One truly helpful piece of guidance in the Title III regulations is the defined performance standard. Websites are required to provide effective communication for its users with disabilities. This means a person with a sensory disability (such as being blind) is able to use the website to accomplish the things the website is intended to do for members of the public. There are a number of qualified accessible website consultants (and some not so qualified, buyer beware, so check references) who can provide high-level assessments of your website without undertaking significant work). Although defendants may have valid defenses to the claims raised in the recent lawsuits, effective communication appears to be the most effective because it is the compliance benchmark. Therefore, retailers should undertake the steps necessary to determine whether their websites meet this standard (compliance with the WCAG 2.0 AA guidelines is one of the most common ways to meet this standard) and therefore comply with ADA Title III. If not, retailers should determine what steps and costs would be involved in modifying their website to provide effective communication.

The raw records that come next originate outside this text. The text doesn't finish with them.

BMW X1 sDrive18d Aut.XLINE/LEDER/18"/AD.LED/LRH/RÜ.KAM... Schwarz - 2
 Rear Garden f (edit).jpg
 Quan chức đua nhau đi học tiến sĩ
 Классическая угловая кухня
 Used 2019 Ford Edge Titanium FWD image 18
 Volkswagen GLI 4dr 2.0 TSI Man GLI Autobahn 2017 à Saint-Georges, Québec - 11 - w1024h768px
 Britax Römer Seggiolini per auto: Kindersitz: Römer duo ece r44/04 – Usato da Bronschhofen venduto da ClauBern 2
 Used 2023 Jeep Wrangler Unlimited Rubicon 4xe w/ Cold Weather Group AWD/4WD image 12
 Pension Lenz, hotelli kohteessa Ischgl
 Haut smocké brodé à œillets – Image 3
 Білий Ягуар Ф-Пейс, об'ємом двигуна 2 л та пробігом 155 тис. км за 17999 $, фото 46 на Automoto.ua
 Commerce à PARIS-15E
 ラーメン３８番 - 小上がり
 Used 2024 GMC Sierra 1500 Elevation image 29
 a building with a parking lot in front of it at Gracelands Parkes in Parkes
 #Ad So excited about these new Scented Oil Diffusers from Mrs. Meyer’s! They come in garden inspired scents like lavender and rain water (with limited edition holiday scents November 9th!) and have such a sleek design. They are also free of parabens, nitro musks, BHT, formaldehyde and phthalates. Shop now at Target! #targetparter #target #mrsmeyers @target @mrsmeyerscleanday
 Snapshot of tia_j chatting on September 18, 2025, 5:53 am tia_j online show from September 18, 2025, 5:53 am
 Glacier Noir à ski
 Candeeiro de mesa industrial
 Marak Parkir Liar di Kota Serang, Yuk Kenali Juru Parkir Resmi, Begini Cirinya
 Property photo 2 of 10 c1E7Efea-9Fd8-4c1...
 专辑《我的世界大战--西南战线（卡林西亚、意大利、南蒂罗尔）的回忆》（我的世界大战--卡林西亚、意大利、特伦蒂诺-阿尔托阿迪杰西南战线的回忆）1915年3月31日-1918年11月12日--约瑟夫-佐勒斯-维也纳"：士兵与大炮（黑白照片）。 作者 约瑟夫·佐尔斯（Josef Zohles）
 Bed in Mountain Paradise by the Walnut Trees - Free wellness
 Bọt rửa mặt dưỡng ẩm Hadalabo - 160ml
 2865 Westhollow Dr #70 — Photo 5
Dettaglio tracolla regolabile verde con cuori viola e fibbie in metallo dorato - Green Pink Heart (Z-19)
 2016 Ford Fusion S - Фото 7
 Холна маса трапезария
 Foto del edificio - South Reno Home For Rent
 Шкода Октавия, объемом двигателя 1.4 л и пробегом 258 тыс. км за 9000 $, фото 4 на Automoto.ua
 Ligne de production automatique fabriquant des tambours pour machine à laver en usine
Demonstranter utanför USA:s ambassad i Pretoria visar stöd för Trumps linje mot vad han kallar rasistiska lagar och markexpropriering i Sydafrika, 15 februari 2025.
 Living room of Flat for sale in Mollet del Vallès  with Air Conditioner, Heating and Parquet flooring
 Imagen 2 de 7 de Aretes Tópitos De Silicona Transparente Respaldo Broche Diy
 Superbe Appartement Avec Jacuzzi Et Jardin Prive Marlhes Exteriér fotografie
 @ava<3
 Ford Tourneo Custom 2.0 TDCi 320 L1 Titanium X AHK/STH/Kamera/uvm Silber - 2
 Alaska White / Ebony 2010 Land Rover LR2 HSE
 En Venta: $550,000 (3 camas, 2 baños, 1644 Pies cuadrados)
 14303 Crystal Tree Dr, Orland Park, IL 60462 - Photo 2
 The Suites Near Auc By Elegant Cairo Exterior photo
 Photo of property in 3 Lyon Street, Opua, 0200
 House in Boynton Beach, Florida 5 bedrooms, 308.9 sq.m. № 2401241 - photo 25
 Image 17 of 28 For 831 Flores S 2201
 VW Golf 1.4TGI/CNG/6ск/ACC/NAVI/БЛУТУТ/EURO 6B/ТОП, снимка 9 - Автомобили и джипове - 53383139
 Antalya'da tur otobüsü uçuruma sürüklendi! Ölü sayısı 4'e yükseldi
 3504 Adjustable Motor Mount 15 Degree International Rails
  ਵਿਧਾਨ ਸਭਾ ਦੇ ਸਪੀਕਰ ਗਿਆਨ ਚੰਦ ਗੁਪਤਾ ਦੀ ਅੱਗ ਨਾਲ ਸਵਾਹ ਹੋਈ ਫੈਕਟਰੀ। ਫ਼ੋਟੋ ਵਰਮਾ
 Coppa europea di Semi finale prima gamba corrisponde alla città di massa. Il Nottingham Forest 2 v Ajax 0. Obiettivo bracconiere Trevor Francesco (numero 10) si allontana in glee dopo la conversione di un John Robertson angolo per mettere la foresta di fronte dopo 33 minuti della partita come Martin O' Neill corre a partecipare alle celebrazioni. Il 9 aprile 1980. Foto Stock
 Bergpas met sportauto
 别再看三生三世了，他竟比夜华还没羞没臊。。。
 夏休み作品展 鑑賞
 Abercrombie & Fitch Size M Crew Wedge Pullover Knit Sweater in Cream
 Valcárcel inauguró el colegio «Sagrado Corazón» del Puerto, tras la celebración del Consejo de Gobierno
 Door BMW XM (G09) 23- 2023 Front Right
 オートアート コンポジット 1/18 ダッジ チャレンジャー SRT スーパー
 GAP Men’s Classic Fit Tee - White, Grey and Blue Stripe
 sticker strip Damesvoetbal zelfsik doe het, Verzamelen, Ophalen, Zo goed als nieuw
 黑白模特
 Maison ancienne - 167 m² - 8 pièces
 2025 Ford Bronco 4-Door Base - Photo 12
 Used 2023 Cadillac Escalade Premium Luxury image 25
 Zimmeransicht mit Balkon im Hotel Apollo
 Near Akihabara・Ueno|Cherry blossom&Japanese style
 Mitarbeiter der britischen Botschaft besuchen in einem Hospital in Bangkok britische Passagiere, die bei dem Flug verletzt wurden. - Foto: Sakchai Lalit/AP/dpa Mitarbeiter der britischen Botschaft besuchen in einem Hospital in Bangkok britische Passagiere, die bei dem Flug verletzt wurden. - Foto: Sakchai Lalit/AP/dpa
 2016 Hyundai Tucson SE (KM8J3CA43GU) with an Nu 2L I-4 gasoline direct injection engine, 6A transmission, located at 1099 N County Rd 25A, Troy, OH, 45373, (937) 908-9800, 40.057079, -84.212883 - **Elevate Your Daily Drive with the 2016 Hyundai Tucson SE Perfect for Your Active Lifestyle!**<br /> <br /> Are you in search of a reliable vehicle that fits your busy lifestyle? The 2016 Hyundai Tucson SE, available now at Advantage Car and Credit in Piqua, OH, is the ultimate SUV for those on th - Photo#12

The prospect of recovering attorneys’ fees (and in some cases also recovering monetary damages), and garnering support in litigation from the U.S. Attorney General may motivate plaintiffs’ firms to pursue litigation of this nature where they perceive violations. If compliance shortfalls are present, they should be remedied unless the company can demonstrate that compliance would meet the “fundamental alternation” or “undue burden” exemptions set forth in Section 36.303. The availability of an exemption, however, may not prevent the company from being sued and it likely will be the company’s burden to prove the exemption applies.